One issue is portability. Makefile generators are commonly built to run on many different hardware platforms and Unix variants. They generally try to deduce things about the local system (including everything from machine word size up to which tools, languages, service libraries, and even document formatters it has available). They then try to use those deductions to write makefiles that exploit the local system's facilities and compensate for its quirks.

The other issue is dependency derivation. It's possible to deduce a great deal about the dependencies of a collection of C sources by analyzing the sources themselves (especially by looking at what include files they use and share). Many makefile generators do this in order to mechanically generate make dependencies.

Each different makefile generator tackles these objectives in a slightly different way. Probably a dozen or more generators have been attempted, but most proved inadequate or too difficult to drive or both, and only a few are still in live use. We'll survey the major ones here. All are available as open-source software on the Internet.

autoconf was written by people who had seen and rejected the Imake approach.
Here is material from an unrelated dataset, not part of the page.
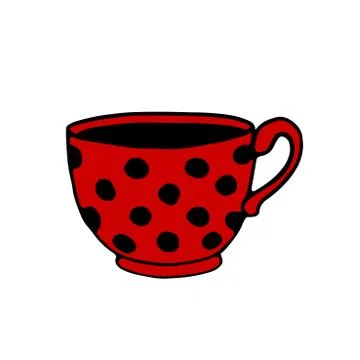 Red polka dot Cup. Mug of black coffee. Hand drawn simple kitchen supplies. V Stock-Illustration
It generates per-project configure shellscripts that are like the old-fashioned custom script configurators. These configure scripts can generate makefiles (among other things).

Autoconf is focused on portability and does no built-in dependency derivation at all. Although it is probably as complex as Imake, it is much more flexible and easier to extend. Rather than relying on a per-system database of rules, it generates configure shell code that goes out and searches your system for things.

Each configure shellscript is built from a per-project template that you have to write, called configure.in. Once generated, though, the configure script will be self-contained and can configure your project on systems that don't carry autoconf(1) itself.

The autoconf approach to makefile generation is like imake's in that you start by writing a makefile template for your project. But autoconf's Makefile.in files are basically just makefiles with placeholders in them for simple text substitution; there's no second notation to learn. If you want dependency derivation, you must take explicit steps to call makedepend(1) or some similar tool — or use automake(1).

autoconf is documented by an on-line manual in the GNU info format. The source scripts of autoconf are available from the FSF archive site, but are also preinstalled on many Unix and Linux versions. You should be able to browse this manual through your Emacs's help system.

Despite its lack of direct support for dependency derivation, and despite its generally ad-hoc approach, in mid-2003 autoconf is clearly the most popular of the makefile generators, and has been for some years. It has eclipsed Imake and driven at least one major competitor (metaconfig) out of use.

A reference, GNU Autoconf, Automake and Libtool is available [Vaughan]. We'll have more to say about autoconf, from a slightly different angle, in Chapter 17.



[137] A unit test is test code attached to a module to verify correct performance. Use of the term ‘unit test’ suggests that the test is written concurrently with the code by the developer of the code, and implies a discipline in which module releases aren't considered complete until they have attached test code. The term and the concept originated in the “Extreme Programming” methodology popularized by Kent Beck, but has gained wide acceptance among Unix programmers since about 2001.